(Items from a dataset)
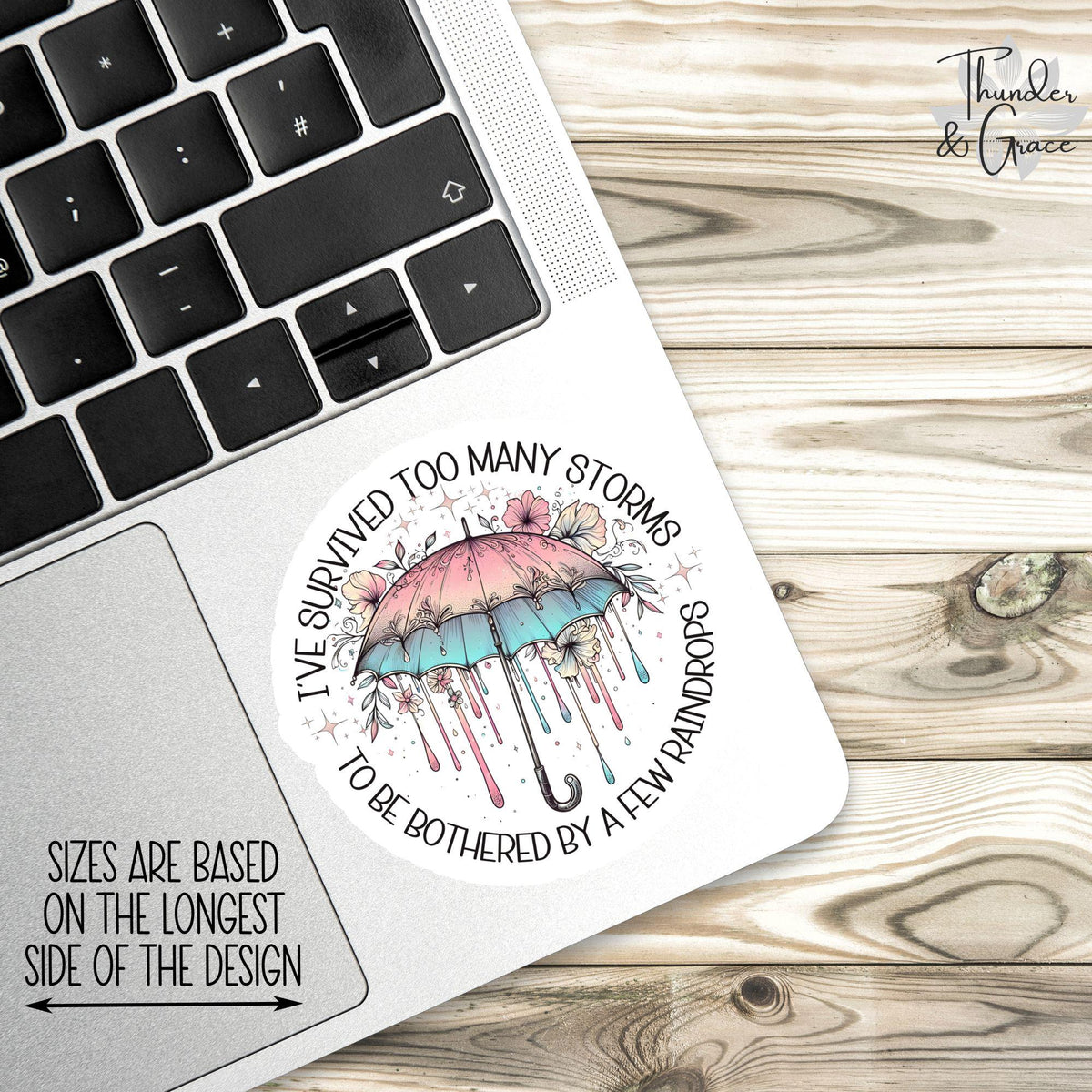 I've Survived Too Many Storms sticker – view 3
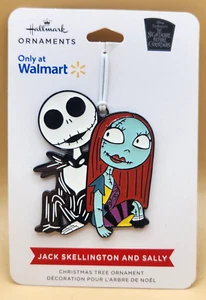 Hallmark THE NIGHTMARE BEFORE CHRISTMAS Jack Skellington And Sally Ornament, NEU - Bild 1 von 8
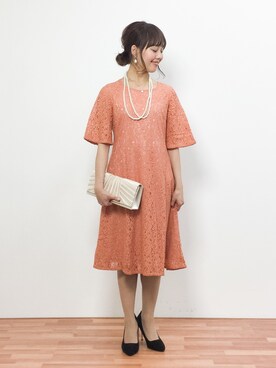 Haco ハコ のワンピース オレンジ系 を使った人気ファッションコーディネート Wear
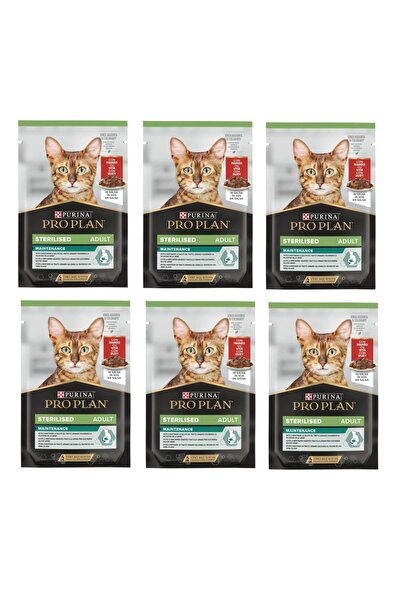 Pro Plan Pro Plan Pouch Sterilised Biftekli Kısır Kedi Yaş Mama 85 Gr. X 6 Adet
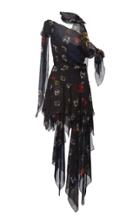 Christopher Kane One Shoulder Satin Gemstones Dress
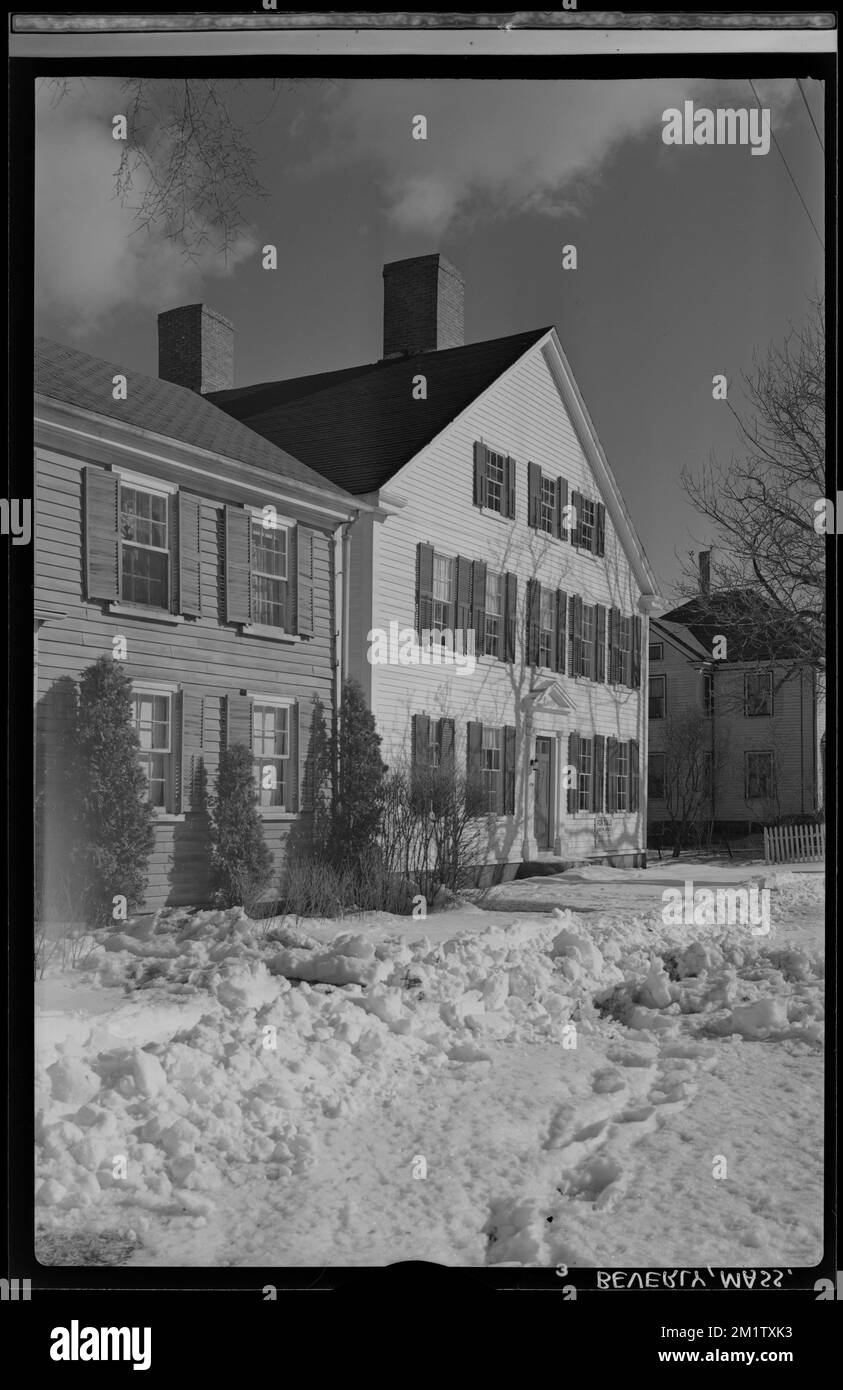 Beverly, house exterior , Architecture, Dwellings. Samuel Chamberlain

• What you will do: Return every record exactly, leaving out the pictures.

• Written response:
 I've Survived Too Many Storms sticker – view 3
 Hallmark THE NIGHTMARE BEFORE CHRISTMAS Jack Skellington And Sally Ornament, NEU - Bild 1 von 8
 Haco ハコ のワンピース オレンジ系 を使った人気ファッションコーディネート Wear
 Pro Plan Pro Plan Pouch Sterilised Biftekli Kısır Kedi Yaş Mama 85 Gr. X 6 Adet
 Christopher Kane One Shoulder Satin Gemstones Dress
 Beverly, house exterior , Architecture, Dwellings. Samuel Chamberlain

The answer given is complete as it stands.